The point of the movement is to fail. They are militant precisely on those issues (cutting Medicare, cutting expenditures on infrastructure, pushing upper class tax cuts, restricting abortion for victims of rape) which are deeply unpopular, while rolling over on issues which they can win, like stopping illegal immigration, pushing English as the national language, or opposing trade policies which hurt the interests of American workers.
They claim to defend Christian values but provide tax cuts to the very corporate leaders who are pushing homosexuality and transgenderism on Southern states with threats of boycotts. And they either never see the contradiction or simply don’t care.

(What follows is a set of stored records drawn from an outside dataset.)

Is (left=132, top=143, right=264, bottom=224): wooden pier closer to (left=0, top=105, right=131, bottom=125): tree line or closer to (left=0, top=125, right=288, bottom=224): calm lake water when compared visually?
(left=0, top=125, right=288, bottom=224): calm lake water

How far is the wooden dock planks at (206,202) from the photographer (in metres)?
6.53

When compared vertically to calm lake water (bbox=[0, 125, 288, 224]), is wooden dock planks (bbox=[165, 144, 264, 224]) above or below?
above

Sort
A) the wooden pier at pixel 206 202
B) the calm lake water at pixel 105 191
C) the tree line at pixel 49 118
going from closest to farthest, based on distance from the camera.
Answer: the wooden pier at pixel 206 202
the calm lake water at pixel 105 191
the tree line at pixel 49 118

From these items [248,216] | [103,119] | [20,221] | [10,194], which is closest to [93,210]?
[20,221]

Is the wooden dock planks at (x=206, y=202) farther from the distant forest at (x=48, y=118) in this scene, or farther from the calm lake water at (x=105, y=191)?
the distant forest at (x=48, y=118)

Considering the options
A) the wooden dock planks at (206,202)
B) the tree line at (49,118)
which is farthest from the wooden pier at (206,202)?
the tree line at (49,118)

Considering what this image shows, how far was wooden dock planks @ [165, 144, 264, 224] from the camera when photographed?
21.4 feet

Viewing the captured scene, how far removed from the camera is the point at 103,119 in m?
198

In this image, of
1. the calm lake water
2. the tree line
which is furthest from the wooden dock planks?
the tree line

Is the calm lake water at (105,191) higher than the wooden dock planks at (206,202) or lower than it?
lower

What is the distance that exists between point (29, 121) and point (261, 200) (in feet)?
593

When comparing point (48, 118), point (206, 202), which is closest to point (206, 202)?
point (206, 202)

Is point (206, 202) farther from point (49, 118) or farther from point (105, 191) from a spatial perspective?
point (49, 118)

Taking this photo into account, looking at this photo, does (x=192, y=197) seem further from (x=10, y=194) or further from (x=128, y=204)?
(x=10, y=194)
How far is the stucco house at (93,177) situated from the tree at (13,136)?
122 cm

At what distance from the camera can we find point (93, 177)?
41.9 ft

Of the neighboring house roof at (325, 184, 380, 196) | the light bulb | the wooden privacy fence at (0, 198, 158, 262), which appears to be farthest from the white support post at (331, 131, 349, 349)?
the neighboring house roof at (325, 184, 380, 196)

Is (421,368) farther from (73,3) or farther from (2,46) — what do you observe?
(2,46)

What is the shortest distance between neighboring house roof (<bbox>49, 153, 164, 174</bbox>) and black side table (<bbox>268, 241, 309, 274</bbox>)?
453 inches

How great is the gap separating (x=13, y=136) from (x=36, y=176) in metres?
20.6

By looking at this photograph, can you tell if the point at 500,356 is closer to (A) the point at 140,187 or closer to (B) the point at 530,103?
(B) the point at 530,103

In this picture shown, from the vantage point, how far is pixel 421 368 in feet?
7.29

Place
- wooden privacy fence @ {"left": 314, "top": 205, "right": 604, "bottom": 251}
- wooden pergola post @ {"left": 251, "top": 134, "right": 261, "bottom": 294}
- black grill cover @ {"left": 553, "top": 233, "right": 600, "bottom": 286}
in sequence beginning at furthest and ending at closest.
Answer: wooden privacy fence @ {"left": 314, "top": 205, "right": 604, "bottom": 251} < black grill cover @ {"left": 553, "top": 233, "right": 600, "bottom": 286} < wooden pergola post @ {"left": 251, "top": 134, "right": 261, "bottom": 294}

To be a “true conservative” is to embrace a tribal identity, to belong to a kind of religion. Trump “is not one of us,” therefore, he is to be rejected, even if he can give conservatives much of what they want. Even if conservatives lose everything, they remain saved in their own eyes because they remained true to the faith and will be redeemed by history or by the vaguely Christian God they imagine supports their movement. Their “Constitutional Republic” is not of this world.

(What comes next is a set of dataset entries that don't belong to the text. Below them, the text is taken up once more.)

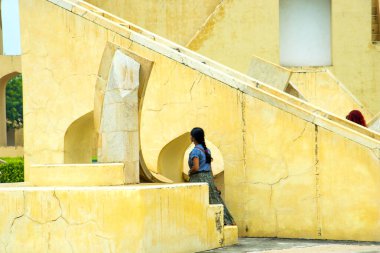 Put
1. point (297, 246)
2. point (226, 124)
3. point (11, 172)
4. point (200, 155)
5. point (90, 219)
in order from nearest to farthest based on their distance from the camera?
point (90, 219)
point (297, 246)
point (200, 155)
point (226, 124)
point (11, 172)

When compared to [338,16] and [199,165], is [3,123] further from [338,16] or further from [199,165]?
[199,165]

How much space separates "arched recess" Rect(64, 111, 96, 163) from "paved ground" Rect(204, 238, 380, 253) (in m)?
3.55

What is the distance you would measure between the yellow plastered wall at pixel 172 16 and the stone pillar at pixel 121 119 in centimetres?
1045

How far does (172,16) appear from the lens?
19156 mm

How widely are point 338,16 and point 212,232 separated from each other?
34.2ft

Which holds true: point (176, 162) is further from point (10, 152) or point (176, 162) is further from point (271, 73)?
point (10, 152)

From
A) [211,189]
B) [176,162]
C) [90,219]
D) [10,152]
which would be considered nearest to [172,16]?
[176,162]

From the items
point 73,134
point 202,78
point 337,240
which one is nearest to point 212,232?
point 337,240

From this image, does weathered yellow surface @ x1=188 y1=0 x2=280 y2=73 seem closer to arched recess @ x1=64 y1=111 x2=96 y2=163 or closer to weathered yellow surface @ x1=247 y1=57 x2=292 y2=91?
weathered yellow surface @ x1=247 y1=57 x2=292 y2=91

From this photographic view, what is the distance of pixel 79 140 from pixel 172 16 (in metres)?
7.20

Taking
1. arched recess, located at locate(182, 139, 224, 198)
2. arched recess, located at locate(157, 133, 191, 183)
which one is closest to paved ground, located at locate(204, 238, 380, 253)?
arched recess, located at locate(157, 133, 191, 183)

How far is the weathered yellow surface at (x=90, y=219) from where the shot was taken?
7.74 metres

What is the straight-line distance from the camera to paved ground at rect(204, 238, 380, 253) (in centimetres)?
857

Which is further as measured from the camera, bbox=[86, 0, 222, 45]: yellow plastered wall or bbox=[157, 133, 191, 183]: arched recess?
bbox=[86, 0, 222, 45]: yellow plastered wall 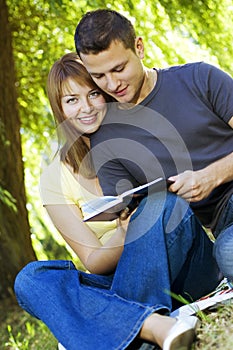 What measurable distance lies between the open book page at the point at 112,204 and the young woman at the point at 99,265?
0.05m

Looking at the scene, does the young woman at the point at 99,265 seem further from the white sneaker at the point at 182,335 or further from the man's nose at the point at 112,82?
the man's nose at the point at 112,82

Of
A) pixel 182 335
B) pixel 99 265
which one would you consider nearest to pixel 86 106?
pixel 99 265

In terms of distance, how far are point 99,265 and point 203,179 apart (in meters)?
0.52

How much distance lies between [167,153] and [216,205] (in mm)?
284

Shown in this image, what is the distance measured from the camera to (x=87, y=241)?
2.71 m

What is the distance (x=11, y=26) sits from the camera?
19.5 ft

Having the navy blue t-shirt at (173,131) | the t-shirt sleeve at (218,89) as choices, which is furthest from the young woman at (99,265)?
the t-shirt sleeve at (218,89)

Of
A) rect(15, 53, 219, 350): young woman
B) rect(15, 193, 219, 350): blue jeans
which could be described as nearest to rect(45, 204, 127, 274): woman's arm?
rect(15, 53, 219, 350): young woman

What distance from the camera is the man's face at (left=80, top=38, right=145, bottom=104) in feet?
8.77

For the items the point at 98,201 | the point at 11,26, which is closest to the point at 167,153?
the point at 98,201

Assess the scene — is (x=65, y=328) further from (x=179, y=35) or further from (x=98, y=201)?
(x=179, y=35)

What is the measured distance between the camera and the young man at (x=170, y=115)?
2.68 m

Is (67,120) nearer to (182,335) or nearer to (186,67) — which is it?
(186,67)

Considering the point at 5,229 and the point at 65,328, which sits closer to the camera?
the point at 65,328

For that reason, Trump may have fatally miscalculated. He appealed to interests, but conservatives wanted him to absorb their identity. He couldn’t and now #NeverTrump is never going away. Someone like RNC head Reince Priebus actually has a stake in Trump victory; someone like bucket food salesman Glenn Beck simply doesn’t. Trump claims he can win without party unity, but considering the disadvantages he already faces, it seems unlikely.
The current hostility between Trump and Ted Cruz and between self-identified nationalists and “true conservatives” is in many ways an accident. Cruz and Trump were practically in alliance for most of this campaign. If Rubio had emerged as Trump’s primary challenger instead of Cruz, it’s easy to imagine Cruz still being on the shortlist for Trump’s VP pick. But as it has developed, Trump’s most stalwart opponents are those voters who identify as “very conservative,” the same people he had assumed he would have won over by now.
What can he do? Agree and amplify may be his only choice. Rather than trying to bring conservatives home, Trump may have to double down on nationalism. Dispense entirely with the nonsense about “limited government” which the true conservatives constantly talk about but never deliver. Perhaps Trump should say he’d repudiate all student loan debt as a precursor to abolishing the program entirely. If you’re going to be a populist, go full populist.
But what is clear is Trump’s path to victory, if he has one, can’t rely on American conservatives. And more broadly, neither can a path to victory for Identitarians. This despicable charade, this nightmarish collection of obese con artists and double-chinned mountebanks has to end. It must be hollowed out from within even as it is attacked from without. Because if 2016 has proven anything, it’s that the conservative movement was never interested in even nominal victory over the Left. It’s only ever been interested in keeping its own constituents in subjugation.